◆ ASSIGNED TASK: Please write out only the lines from the line with "Mount Sinabung Volcano" to the line with "Black Enamel and", inclusive, exactly as they stand below, without the pictures.

◆ RECORDS TO PROCESS:
==*==

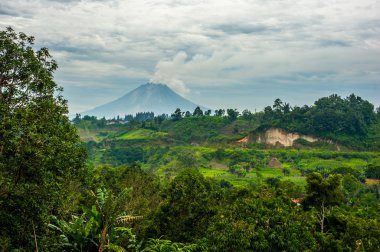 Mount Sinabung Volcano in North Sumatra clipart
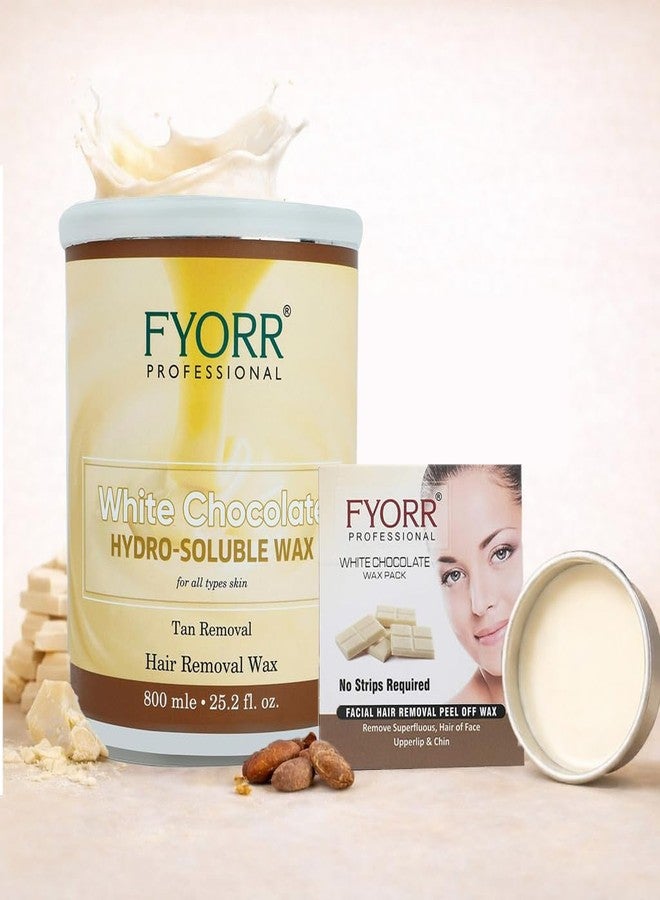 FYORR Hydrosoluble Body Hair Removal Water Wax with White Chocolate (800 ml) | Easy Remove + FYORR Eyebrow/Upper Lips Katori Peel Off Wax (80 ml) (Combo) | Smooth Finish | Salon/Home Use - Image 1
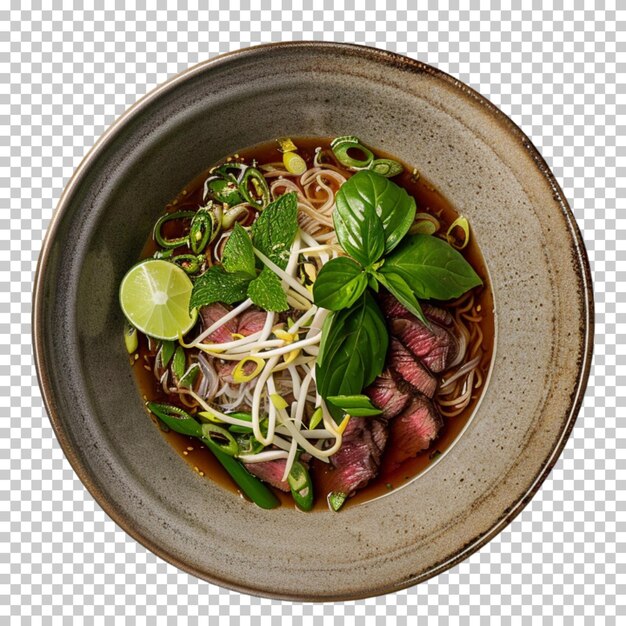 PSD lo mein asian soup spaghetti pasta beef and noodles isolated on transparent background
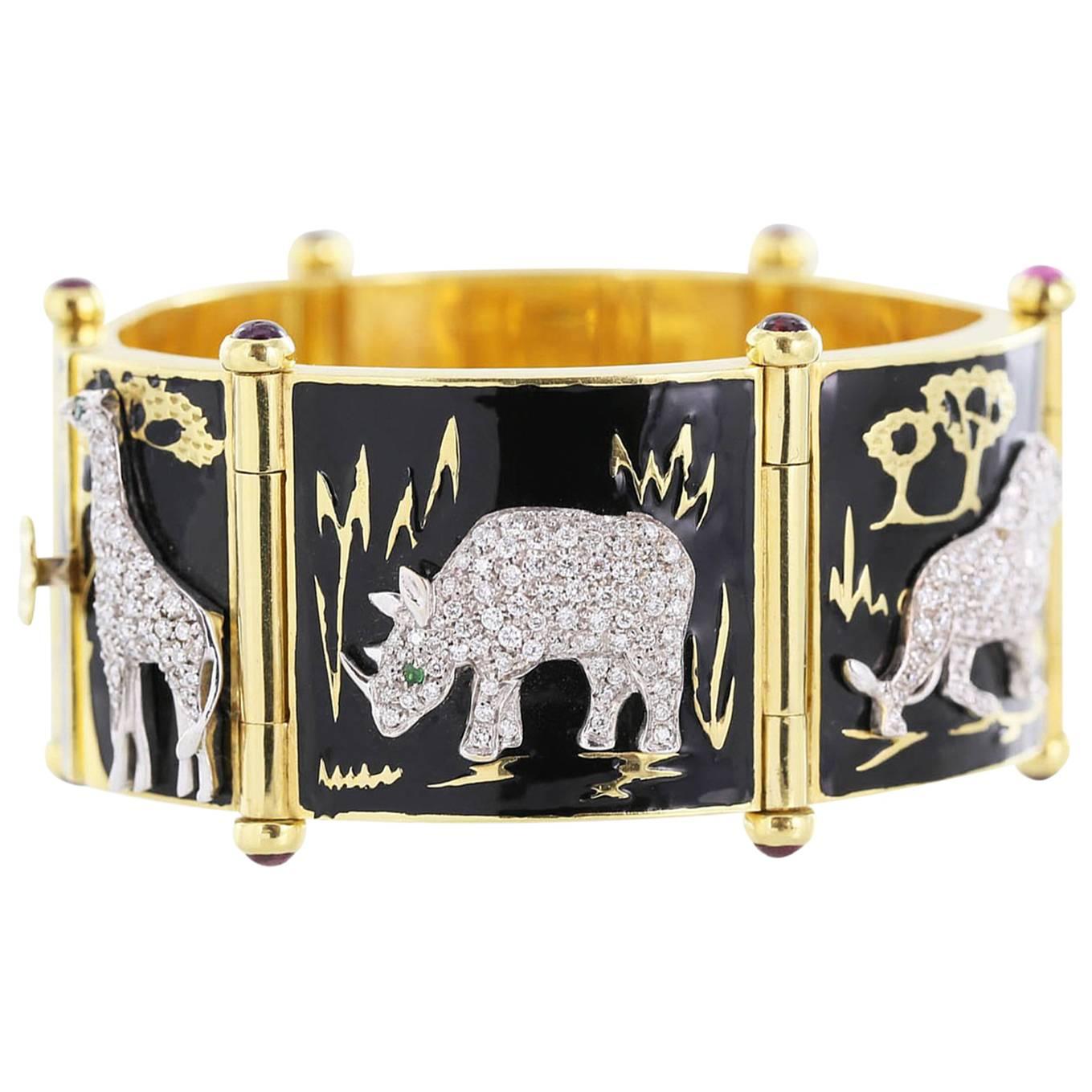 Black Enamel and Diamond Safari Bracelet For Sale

==*==

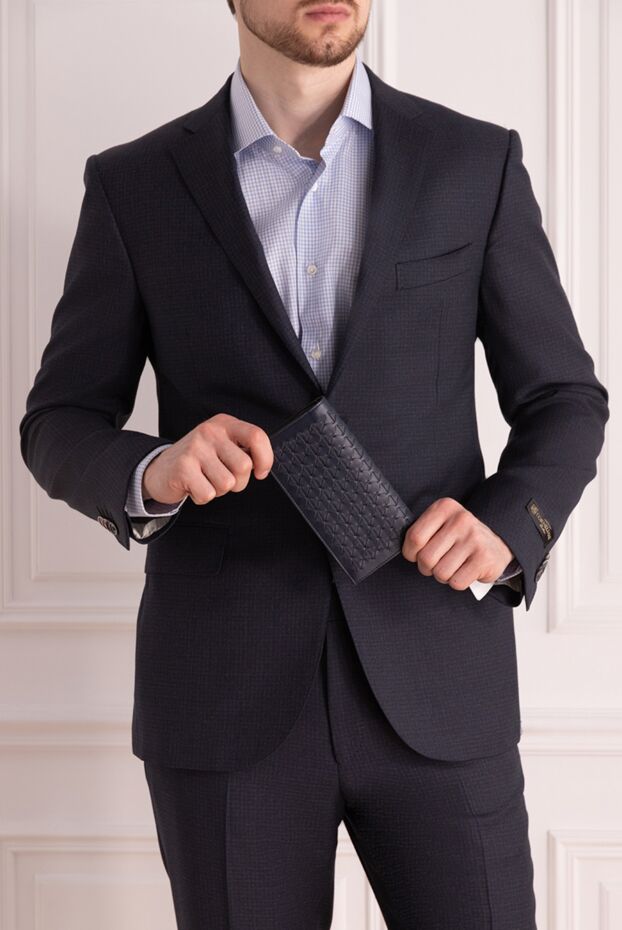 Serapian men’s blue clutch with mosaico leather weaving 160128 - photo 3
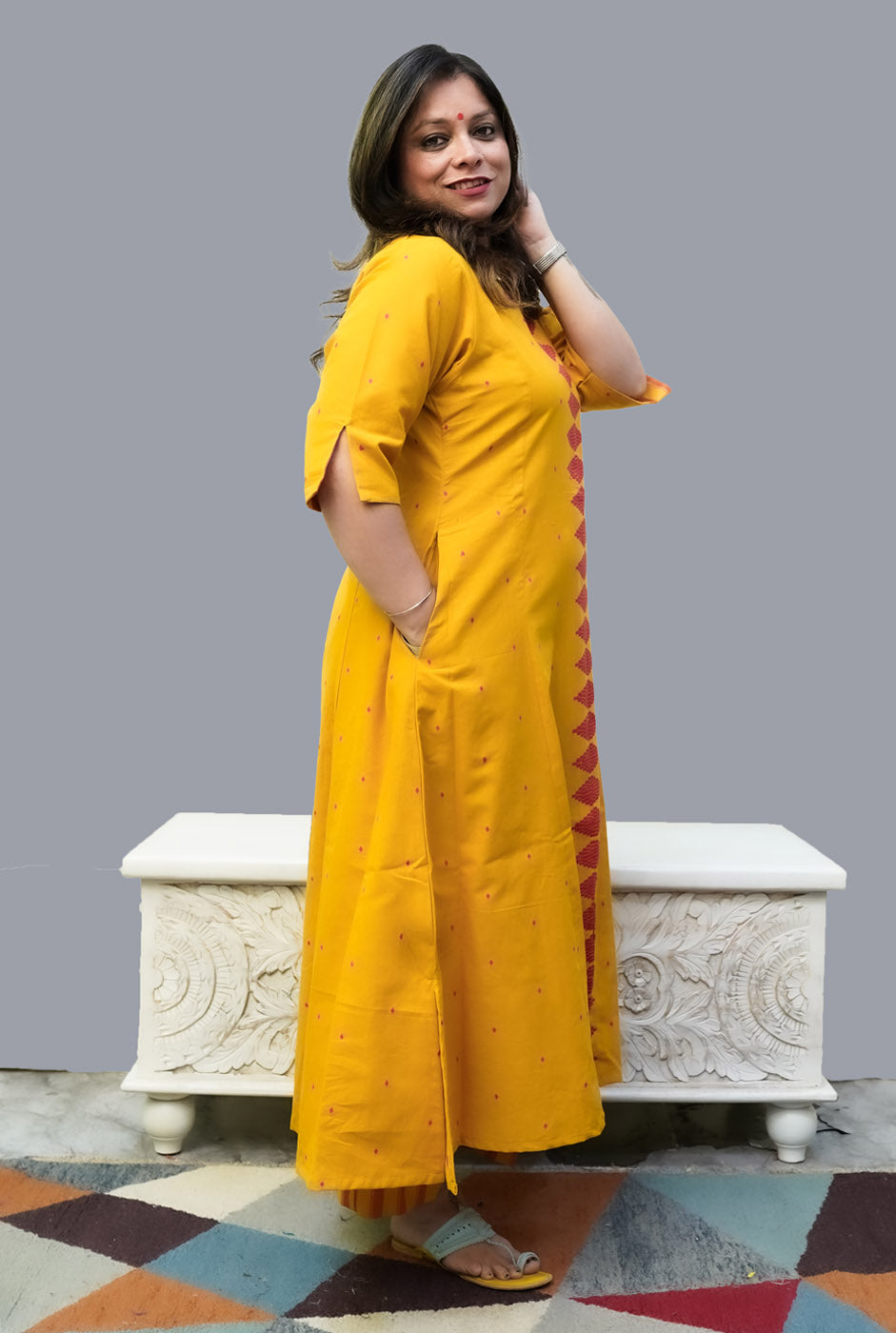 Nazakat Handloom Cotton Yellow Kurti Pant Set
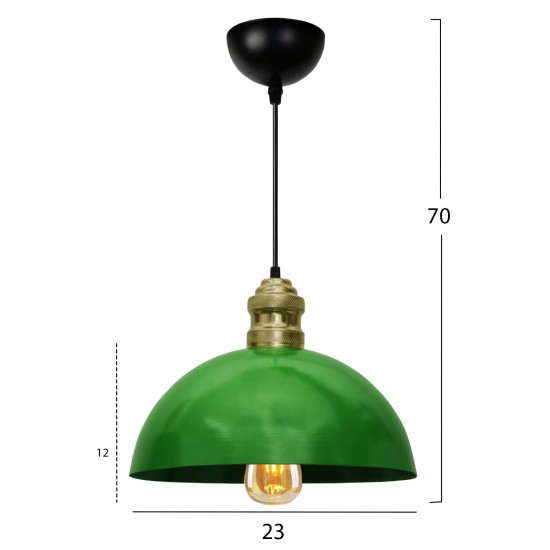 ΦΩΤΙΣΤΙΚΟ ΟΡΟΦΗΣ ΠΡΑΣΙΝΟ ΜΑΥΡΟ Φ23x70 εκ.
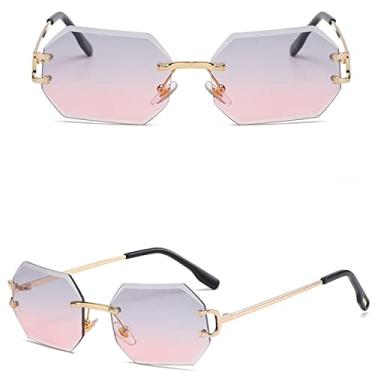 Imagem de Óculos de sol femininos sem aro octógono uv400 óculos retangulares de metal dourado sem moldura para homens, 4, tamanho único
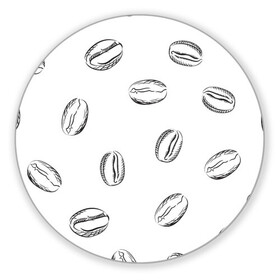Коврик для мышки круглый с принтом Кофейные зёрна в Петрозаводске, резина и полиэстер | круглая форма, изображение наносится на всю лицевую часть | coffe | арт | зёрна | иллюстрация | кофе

==*==

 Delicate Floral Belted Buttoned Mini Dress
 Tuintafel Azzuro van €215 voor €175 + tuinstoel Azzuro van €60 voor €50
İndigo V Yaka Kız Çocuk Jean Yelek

==*==

◆ RESPONSE TO THE EXERCISE:
 Mount Sinabung Volcano in North Sumatra clipart
 FYORR Hydrosoluble Body Hair Removal Water Wax with White Chocolate (800 ml) | Easy Remove + FYORR Eyebrow/Upper Lips Katori Peel Off Wax (80 ml) (Combo) | Smooth Finish | Salon/Home Use - Image 1
 PSD lo mein asian soup spaghetti pasta beef and noodles isolated on transparent background
 Black Enamel and Diamond Safari Bracelet For Sale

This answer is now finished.